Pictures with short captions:
Segment Open
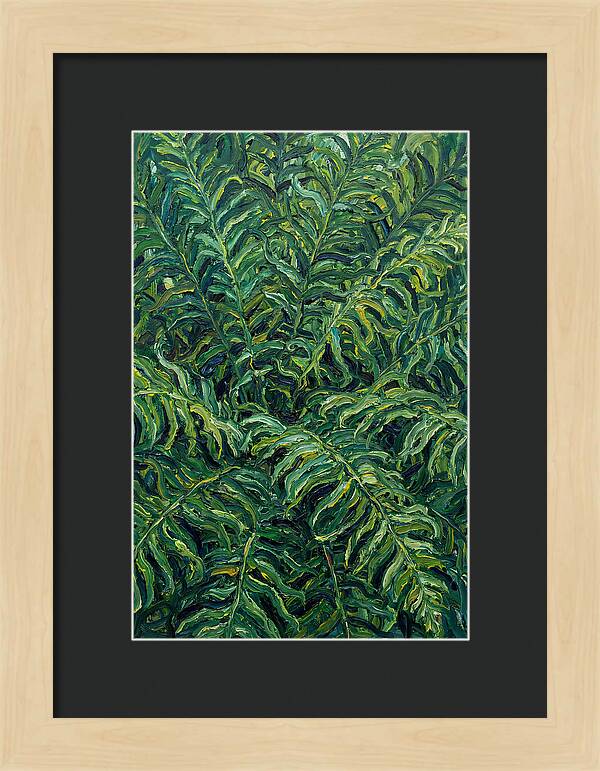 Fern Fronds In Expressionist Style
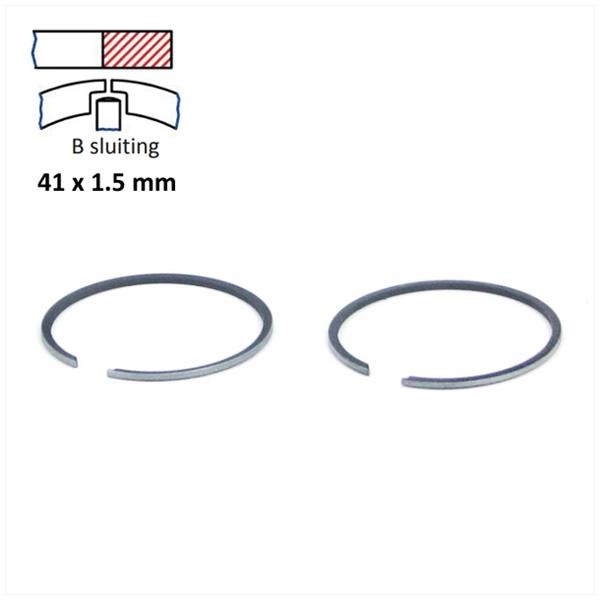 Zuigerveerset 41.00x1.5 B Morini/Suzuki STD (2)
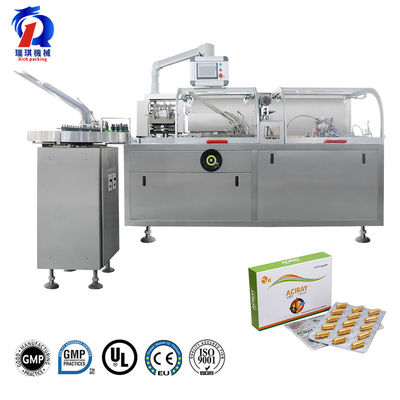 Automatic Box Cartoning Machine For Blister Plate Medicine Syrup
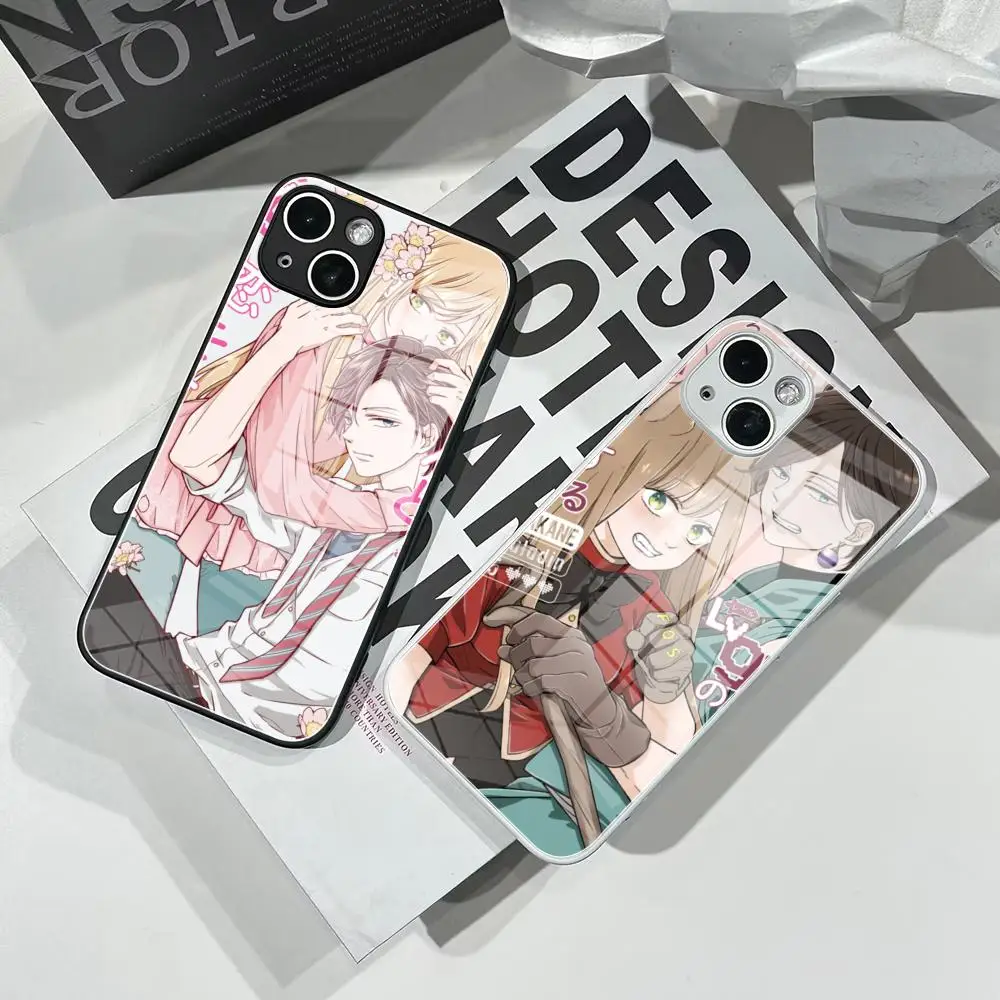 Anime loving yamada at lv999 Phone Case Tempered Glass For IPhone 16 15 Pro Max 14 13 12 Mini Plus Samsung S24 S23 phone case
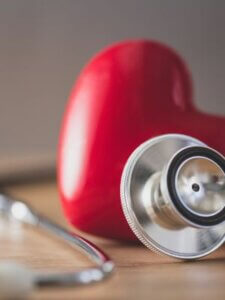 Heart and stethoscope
Segment Closed
# Problem to solve
Starting at the line with "Anime loving yamada", write out every line exactly through the final line of the records above, both included, and skip the pictures.

# Exercise answer
 Anime loving yamada at lv999 Phone Case Tempered Glass For IPhone 16 15 Pro Max 14 13 12 Mini Plus Samsung S24 S23 phone case
 Heart and stethoscope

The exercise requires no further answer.